After a few minutes of playing with the ball, Ivan managed to flip it out of the pool right where I was standing. I picked it up and threw it back in. Ivan chased it down and then initiated the dolphin equivalent of a game of fetch. He’d push it all the way back to me, I’d reach into the pool, pick it up, and throw it back in. After doing this repeatedly for nearly five minutes, I got distracted by another dolphin and turned away. So this time he not only brought the ball back but then smacked it out of the water with his nose, sending it whizzing past my head. Clearly he meant business.
The game had gone from just chasing, to playing fetch, to knocking the ball out of the water back to the thrower with line drives that became more precise each time. Largo soon abandoned his mat and joined the game, adding a competitive dimension. In just ten minutes, what had begun as a frenzy of free play had evolved into a disciplined and competitive interspecies ball game with an unspoken but mutually understood set of rules.
Where I saw the rudimentary foundations of sport, Stan sees the development and maintenance of flexible problem-solving skills that dolphins depend on in the wild. His observations of Ivan, Largo, and other captive dolphins lead him to believe that they use play to continuously test and challenge themselves, constantly tweaking the “rules” to sharpen their cognitive skills. He uses Piaget’s concept of “moderately discrepant events” to describe this phenomenon. Dolphins, like Piaget’s child subjects, learn about their world and expand their physical and cognitive abilities by slightly modifying the rules of their play to make them incrementally more stimulating. This is how both dolphins and humans play and learn.
The evolving poolside ball game was serving as what Marc Bekoff calls “brain food” for Ivan, Largo, and their friends. The dolphins, responding to my cues and initiating variations in play themselves, were flexing their cognitive muscles, perfecting motor skills, and manipulating their watery environment in ways that could eventually be put to the test in the wild.
It’s hardly a coincidence that the object at the center of all the pool action was a ball. According to Stan, balls are the hands-down favorite toy of dolphins, as they so often are for people. In a controlled study of the play behaviors of 16 captive dolphins conducted over a five-year period, he found that they were far more likely to initiate spontaneous play with balls than with other objects, with bubbles, or even with each other. Why balls?
Well, if play is brain food, then ball play is like a high-protein, calorie-packed energy bar. The ball may be one of the most animate of inanimate objects in our material world. As I watched Largo and Ivan laugh and splash and leap after their colorful ball while the other dolphins dragged mats and ropes around the pool, I coined my own term to describe balls as objects: kinetically interesting. Balls can bounce, roll, be struck, thrown and caught fairly easily at a wide range of speeds. They are highly aerodynamic and yet unpredictable in their trajectory, capable in the hands of a deft knuckleball pitcher of appearing to defy the laws of physics.

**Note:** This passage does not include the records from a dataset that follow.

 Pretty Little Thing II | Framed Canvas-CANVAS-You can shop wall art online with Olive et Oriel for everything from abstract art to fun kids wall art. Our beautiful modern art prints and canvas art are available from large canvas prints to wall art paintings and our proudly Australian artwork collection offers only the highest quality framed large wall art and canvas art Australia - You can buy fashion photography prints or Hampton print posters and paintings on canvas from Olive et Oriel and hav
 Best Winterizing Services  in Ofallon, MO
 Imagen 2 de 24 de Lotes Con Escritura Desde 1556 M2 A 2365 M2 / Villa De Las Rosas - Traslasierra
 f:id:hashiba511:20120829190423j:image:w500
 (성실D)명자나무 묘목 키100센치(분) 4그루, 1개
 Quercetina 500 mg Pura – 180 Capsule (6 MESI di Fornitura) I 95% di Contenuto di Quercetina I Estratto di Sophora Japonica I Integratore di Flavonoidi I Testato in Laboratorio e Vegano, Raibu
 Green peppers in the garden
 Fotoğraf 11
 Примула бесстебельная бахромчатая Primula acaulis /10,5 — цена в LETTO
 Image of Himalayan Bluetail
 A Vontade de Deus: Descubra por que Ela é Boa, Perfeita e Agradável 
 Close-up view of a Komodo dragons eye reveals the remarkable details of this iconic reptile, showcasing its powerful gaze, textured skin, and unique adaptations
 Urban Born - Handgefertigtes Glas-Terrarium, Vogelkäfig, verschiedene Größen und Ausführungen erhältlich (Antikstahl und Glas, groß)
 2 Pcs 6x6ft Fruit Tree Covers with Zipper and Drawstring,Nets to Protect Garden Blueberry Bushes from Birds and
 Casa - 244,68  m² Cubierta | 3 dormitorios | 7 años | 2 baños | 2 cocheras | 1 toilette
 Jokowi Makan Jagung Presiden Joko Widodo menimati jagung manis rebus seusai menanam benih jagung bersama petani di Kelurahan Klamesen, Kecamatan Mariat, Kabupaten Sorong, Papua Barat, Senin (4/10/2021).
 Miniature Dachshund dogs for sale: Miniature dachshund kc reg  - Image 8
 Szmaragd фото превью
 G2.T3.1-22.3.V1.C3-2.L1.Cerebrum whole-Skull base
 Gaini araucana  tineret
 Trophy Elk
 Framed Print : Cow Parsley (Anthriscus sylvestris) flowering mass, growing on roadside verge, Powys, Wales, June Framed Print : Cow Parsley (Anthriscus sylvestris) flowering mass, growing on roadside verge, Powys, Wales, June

Balls are also by nature social tools. They draw animals and humans together, inviting either cooperation or competition or, as in most sports, some dynamic combination of the two. “I throw or kick to you, you throw or kick it back” is very different than “you grab the ball and try to keep it from me.” But both involve tacit agreement around the rules of fair play. Vanessa Woods, a researcher with the Hominoid Psychology Research Group, spent time playing with bonobo chimpanzees in the Democratic Republic of the Congo and experienced both responses.
“We were looking at the social dimensions of bonobo tool use,” she told me. “We had this bright pink ball that the chimps just loved. The question we asked was, were they just going to steal it and run away? Or would they get the idea that this is a shared experience and now we’re going to play together. So the big test was if we threw the ball to them, would they throw it back?”
Some of the bonobos just ran off with the prized possession and didn’t get the social part of it at all. “For them, it was the equivalent of throwing a Wii to a group of kids,” Vanessa said. “They’d fight over it and whoever got it first would run off with it.” I paused to contemplate such a scene with Aidan and his friends and instantly got the distinction.
Two of the bonobos in the research group took to the game right away. One chimp threw the ball back with his hands, then with his feet, and then experimented with other throws. He’d then clap his hands and wait for it to be thrown back.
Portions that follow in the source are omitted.